7 Ways Education Can Help End Extreme Poverty
Seriously, it’s potent stuff.
Education is the key to ending extreme poverty--seriously.
I know what you’re saying. This statement gets made all the time. Basically anyone trying to convince someone about solving something says that the key to ending X is Y. Like the “key” to sustainable cities is public infrastructure or the “key” to a pollution free world is solar power (ok, both are good ideas but whether they’re the “key” is highly debatable).
But when I say that education is the key to ending extreme poverty, I am not just re-using a cliché.
Education can change people, communities, entire nations and the future of humanity.
Historically, the enlightenment unleashed a wave of development that changed the direction of humanity. In modern times it has helped end hate and social divides.
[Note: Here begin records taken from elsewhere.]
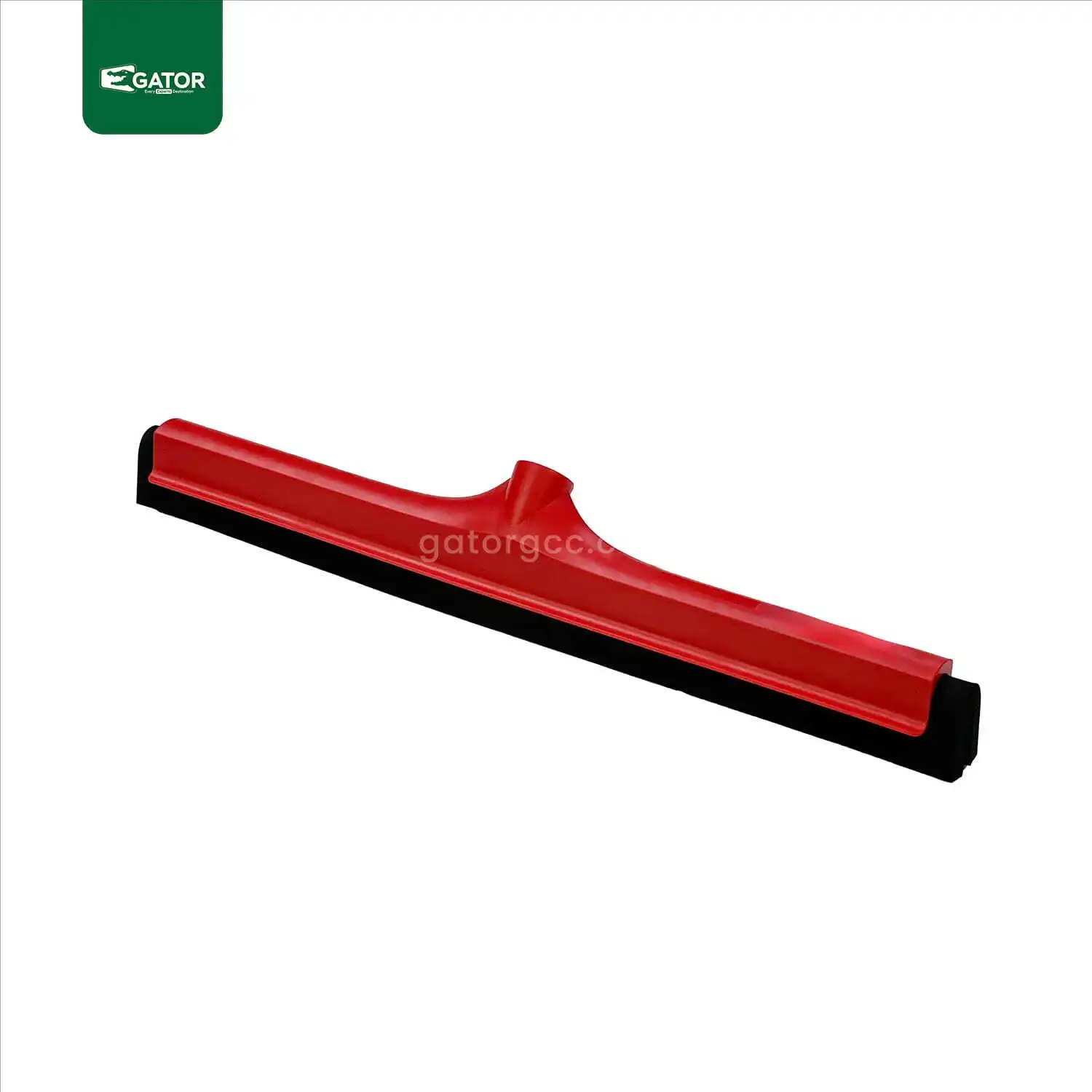 Heavy-Duty Floor Wipers WP47R-45
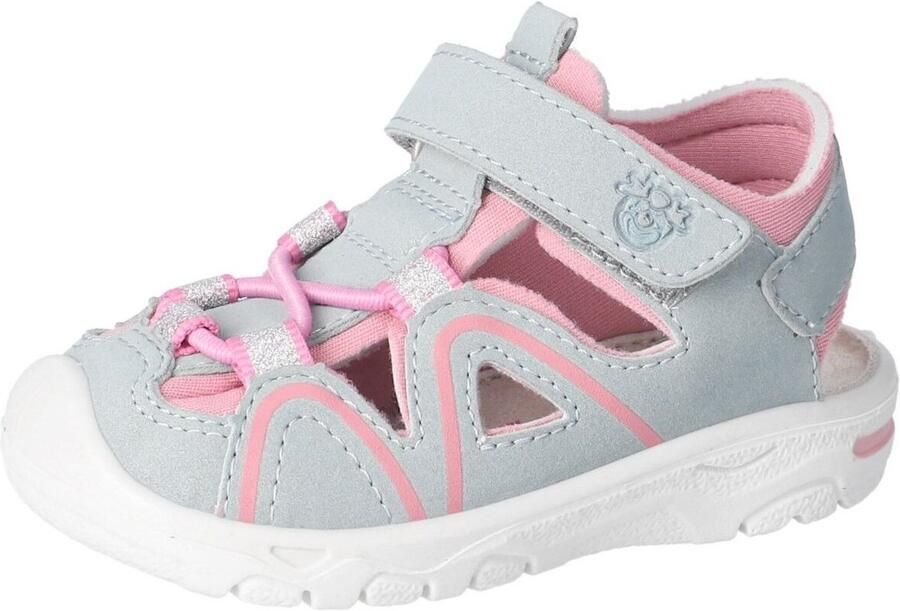 Pepino By Ricosta Sandalen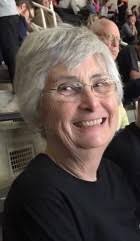 Sandra Sue Allread, 84, of...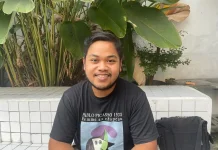 Strategi Kreatif Semai Coffee Hadapi Persaingan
But those achievements are largely immeasurable, and can be traced to a variety of factors. To say education is the key to ending poverty, tangible, measurable benefits are in order. So I went to the great folks at the Global Partnership for Education to see what they had to say:
Education increases a person’s income
Studies show that for each year of schooling, girls can increase their lifetime earnings 10-20%. (And if you want that fact gender neutral, the overall benefit is still about 10%).
Education saves lives
Each year extra of a mother’s education reduces infant mortality by 5 to 10%.
Education makes children healthier
A child with a mother who can read is 50% more likely to live past their 5th birthday.
Education builds peace
For every 10% a region is above the average education level, the risk of war and conflict is reduced by about 3%.
Education feeds people
Investing in girls education particularly has the potential to boost food production in Sub-Saharan Africa by about 25%.
Education makes everyone wealthier
Seriously. Each additional year of school given to children in a nation raises average annual domestic product (GDP) growth by 0.37%. That may not seem like a lot, but in real terms that could mean billions of dollars. Put in those terms, it’s a little easier to see how important this is.
Reading (which requires education) reduces poverty
Studies show that if all students in low-income countries left school with basic reading skills, 171 million people could be lifted out of poverty. Just by teaching them to read! (You know, that thing you’re doing right now)
So there’s the facts. Education does truly do it all. In the realm of development, there is nothing else that has as many short and long term benefits as increasing education for all. Now that you’ve been educated on the value of education, it’s time to deliver that education to those who need it around the world.